Apesar do pouco tempo, até hoje as conversas com o técnico do Manchester City e ex-chefe, Pep Guardiola, são recorrentes ao telefone. O treinador acredita que saber escutar é uma habilidade necessária para a vida, no intuito de compreender o outro e criar uma conexão emocional com os jogadores. A relação de confiança pode demorar, mas se baseia em convencer o atleta com conhecimento e informações para ele poder evoluir. O técnico diz nos poucos treinos que não exigirá nada que eles não possam fazer. Com o tempo, todos já absorvem sesu conceitos. Se precisarcobrar alguém individualmente, chama no canto. Nada de exposição.

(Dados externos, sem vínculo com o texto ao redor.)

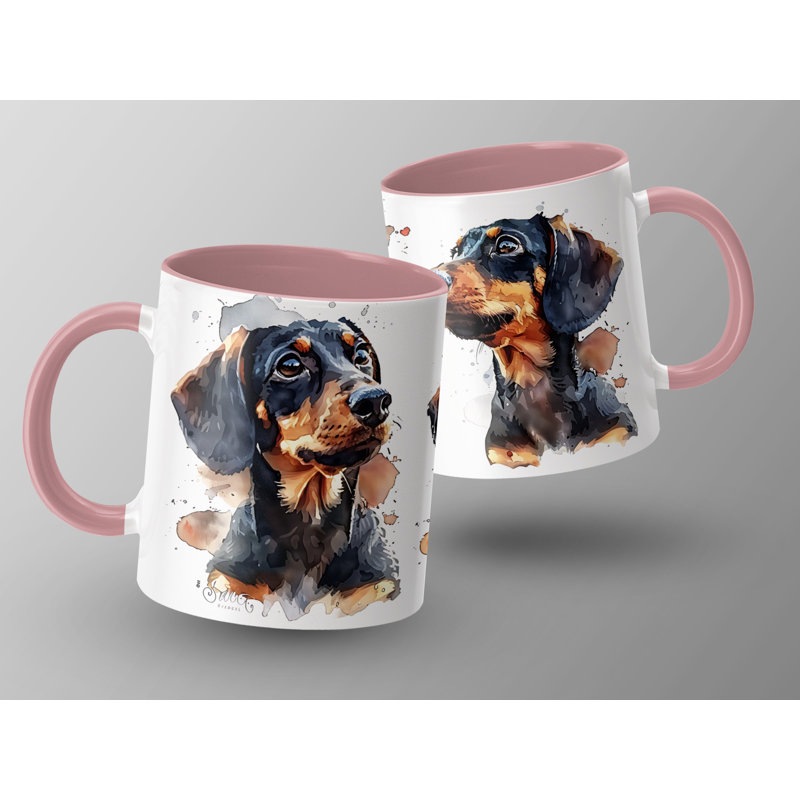 11oz Watercolour Dachshund Design Coffee Mug, 2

A correria impede que o Dome pai, o marido ou o amigo de Pep Guardiola apareça muito, e ele se queixa dessa pouca dedicação aos seus por causa do trabalho. Aos mais próximos, sempre valoriza a família e os amigos que conserva desde criança. Outros prazeres, como fazer um churrasco, conversar com os seus, rir, são o que deixam o treinador feliz e em paz.

Em momentos de maior convívio, como nas viagens com o time, Dome é mais introvertido que seus auxiliares. Especialmente Jordi Guerrero, apelidado de Guerra, muito querido pelos jogadores. Guerrero é o homem das bolas paradas e a voz que se escuta nos treinos. O analista Jordi Gris — chamado de “Cabelinho” — é mais discreto e se debruça em avaliações técnicas específicas pedidas pelo comandante. Sereno, o técnico faz de todo mundo um “auxiliar”. E começa a inspirar um comportamento mais cooperativo no Flamengo.

Vindo de empate com o Bragantino, o time está em terceiro, com 31 pontos, empatado com Atlético-MG e Internacional.